I’ve been hearing a lot on AF about Joe the Plumber who makes six figures and has zero education beyond high school.
Apparently, being a six-figure-earning plumber is so easy, it has a zero percent attrition rate.
Can anybody please tell me where we got this six-figure salary for plumbers? And the zero percent attrition rate?
(When you state salary figures, please do not take the average wage for NYC and SF. There are lots of places in the US that have lower salaries and COL than those two places.)
The six figure plumber doesn’t work for someone else. Though here they do, you can make $150+ in oil and gas mechanical trades (plumbing is the ticket). Greenie, when your sink clogs and you need to piss in the night like you do, and you call Joe Plumber who charges you $400 for the 2am emergency call, who do you think gets that cash? The apprentice gets paid $25/HR on salary. The master plumber is taking in hundreds and hundreds every single service call. That’s why I say folks with half a brain can kill it there as they can dominate a business which is mostly guys working hourly for their beer and blow.
The median plumber makes $51k and the median PM (realizing there’s like three people max on this entire forum who are PM’s) makes $121k.
The median plumber never went to college and lives in a rural area.
Essentially all PM’s live in urban areas with college and MBA debt and take 5+ years (beyond opportunity cost of time spent in school) .
Does even the median plumber win on NPV? The fact that it’s even close given the caliber of difference, intelligence and work ethic between the two should tell you anyone who goes the top 10 route should be able to quickly organize and dominate a business in that field.
This, when most of the industry is disorganized and not ambitious, it’s not hard to quickly become an employer.
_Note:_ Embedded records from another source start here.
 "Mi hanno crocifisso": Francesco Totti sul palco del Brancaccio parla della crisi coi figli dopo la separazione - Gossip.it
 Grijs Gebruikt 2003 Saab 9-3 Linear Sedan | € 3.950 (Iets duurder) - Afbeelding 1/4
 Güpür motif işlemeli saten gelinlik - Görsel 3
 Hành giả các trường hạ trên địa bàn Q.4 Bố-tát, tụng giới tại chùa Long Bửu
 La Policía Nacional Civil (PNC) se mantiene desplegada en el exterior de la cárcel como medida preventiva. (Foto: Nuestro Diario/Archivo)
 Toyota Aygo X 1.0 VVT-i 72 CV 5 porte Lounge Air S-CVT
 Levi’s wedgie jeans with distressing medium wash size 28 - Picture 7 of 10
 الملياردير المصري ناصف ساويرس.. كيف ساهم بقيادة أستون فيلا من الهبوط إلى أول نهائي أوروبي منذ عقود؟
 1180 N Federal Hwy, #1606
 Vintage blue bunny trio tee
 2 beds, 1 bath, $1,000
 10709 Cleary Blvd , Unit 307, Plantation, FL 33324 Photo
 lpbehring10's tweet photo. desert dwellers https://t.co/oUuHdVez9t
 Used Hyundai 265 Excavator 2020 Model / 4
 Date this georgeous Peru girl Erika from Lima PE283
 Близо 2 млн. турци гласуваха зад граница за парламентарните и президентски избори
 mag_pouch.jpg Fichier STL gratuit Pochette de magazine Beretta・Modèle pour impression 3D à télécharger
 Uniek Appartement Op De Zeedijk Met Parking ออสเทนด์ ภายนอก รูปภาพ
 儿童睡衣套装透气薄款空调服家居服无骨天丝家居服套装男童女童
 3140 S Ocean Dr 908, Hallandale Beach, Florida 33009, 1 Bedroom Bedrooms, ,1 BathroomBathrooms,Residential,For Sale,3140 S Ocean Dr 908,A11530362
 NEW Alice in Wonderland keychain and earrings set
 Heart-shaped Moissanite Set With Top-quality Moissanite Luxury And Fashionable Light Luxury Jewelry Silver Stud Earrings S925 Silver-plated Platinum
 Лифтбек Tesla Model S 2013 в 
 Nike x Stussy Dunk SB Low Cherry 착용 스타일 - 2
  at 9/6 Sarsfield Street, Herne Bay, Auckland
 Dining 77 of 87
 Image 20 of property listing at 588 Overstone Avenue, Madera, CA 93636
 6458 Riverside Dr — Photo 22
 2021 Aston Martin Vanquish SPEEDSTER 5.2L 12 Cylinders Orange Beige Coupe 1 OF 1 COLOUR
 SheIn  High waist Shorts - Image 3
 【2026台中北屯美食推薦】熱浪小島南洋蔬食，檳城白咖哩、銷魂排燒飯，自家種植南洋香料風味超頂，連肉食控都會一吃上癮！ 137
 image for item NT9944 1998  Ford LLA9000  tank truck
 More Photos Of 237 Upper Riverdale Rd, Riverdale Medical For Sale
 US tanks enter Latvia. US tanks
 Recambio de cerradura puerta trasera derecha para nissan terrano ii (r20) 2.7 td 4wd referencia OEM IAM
I actually just remembered my Dad’s business partner’s son, a guy I grew up with. He’s now a home builder with a lot of subcontractors beneath him. Went out and started doing flooring in 2009 (area was sheltered from much of the bust) and gradually had everyone working for him. I talked to him and he said similar things, basically he was just more motivated and reliable.
Another thing to consider with plumbing (or electrical or HVAC) is that there are barriers to entry. While me and BS could go launch GeoSwan Flooring Corp tomorrow, we can’t go start BlackGeo plumbing. Why? Because you need to be a licensed master plumber to pull permits in any jurisdiction I know of. So the pool is even smaller at the top, it’s the guys with business sense that apprenticed for peanuts for 4 years that have the opportunity to run the show.
So the apprentice (a.k.a. the guy who graduated from high school yesterday and has never had a job a day in his life) is making $25 x 2080 = $52,000 per year?
Edit - The median salary is $52k, and the median plumber lives in a rural area. So, the rural plumbers are making $52k. How much do plumbers in NYC and SF make?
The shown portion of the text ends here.